I was quite sure this would have been asked before but I couldn't find it, so here goes:
If $\displaystyle BC<AC<AB \hspace{5pt} (\alpha<\beta<\gamma)$, show $\displaystyle PA+PB+PC<\beta+\gamma \hspace{3pt}$ (where $P$ arbitrary in the interior of the triangle).
I haven't actually been able to make a simple yet convincing attempt (although I have got a messy solution). I know that there is a nice and elegant way to do it, but it isn't coming to me.
The Fermat-Torricelli point of a triangle $ABC$ is the point $P$ such that $PA+PB+PC$ is minimized. It is usually found through the following lines: Assume, for first, that $ABC$ has no angle greater than $120^\circ$ and take a point $Q$ inside $ABC$. Let $Q'$ the image of $Q$ under a rotation of $60^\circ$ around $B$, $A'$ likewise:
Then $Q'A'=QA$ and $BQ=BQ'=QQ'$, hence:
$$ QA+QB+QC = A'Q'+Q'Q+QC \leq CA', $$
and the Fermat-Torricelli point lies in the intersection of the lines through a vertex of $ABC$ and the corresponding vertex of a equilateral triangle built on the opposite side, externally to $ABC$.
However, if $ABC$ has an angle $\geq 120^\circ$, the Fermat-Torricelli point is just the opposite vertex to the longest side.

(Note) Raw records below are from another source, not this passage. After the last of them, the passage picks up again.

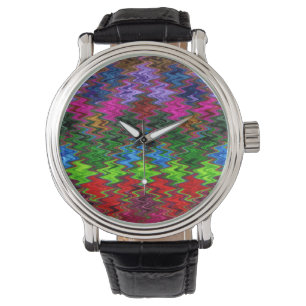 Färgfull mosaik Wave Mönster #3 Armbandsur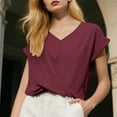 thumbnail image 6 of Uqiangy Crop Tops for Women Women's Comfy Summer Tops Short Sleeve V Neck Blouses T Shirts Twist Knot Tees Twist Front Top Cross Front Tops for Women Twist Knot T-Shirts Knotted Tops for Women Red L, 6 of 7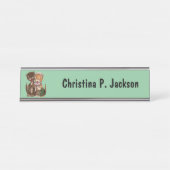 かわいい猫のオスとメス共有ラットミントグリーン デスクネームプレート (正面)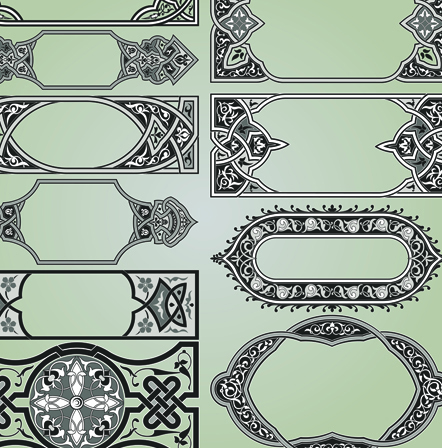 Vintage Calligraphic border frame and ornament vector set 14 vintage ornament frame elements element calligraphic border   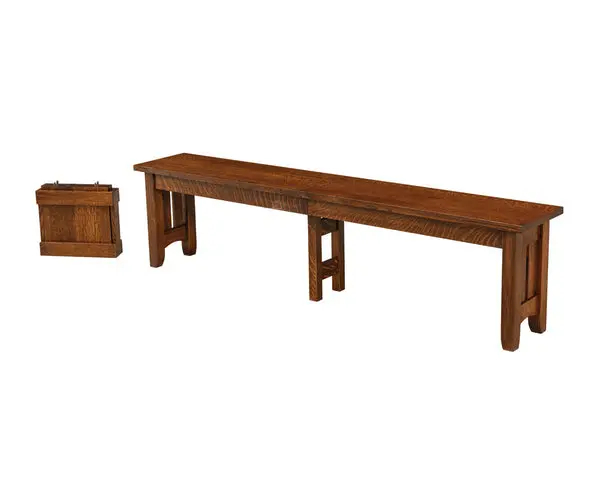 Galena Wooden Slatted Extendable Bench 1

Can you finish from there?
Update: I also have a one-shot-one-kill solution. The function that maps $P$ to $PA+PB+PC$ is a convex function, as a sum of convex functions. It follows that $PA+PB+PC$ attains its maximum in a vertex of $ABC$, since $ABC$ is a convex set. If $BC<AC<AB$, such a maximum is obviously attained in $A$, and the claim follows.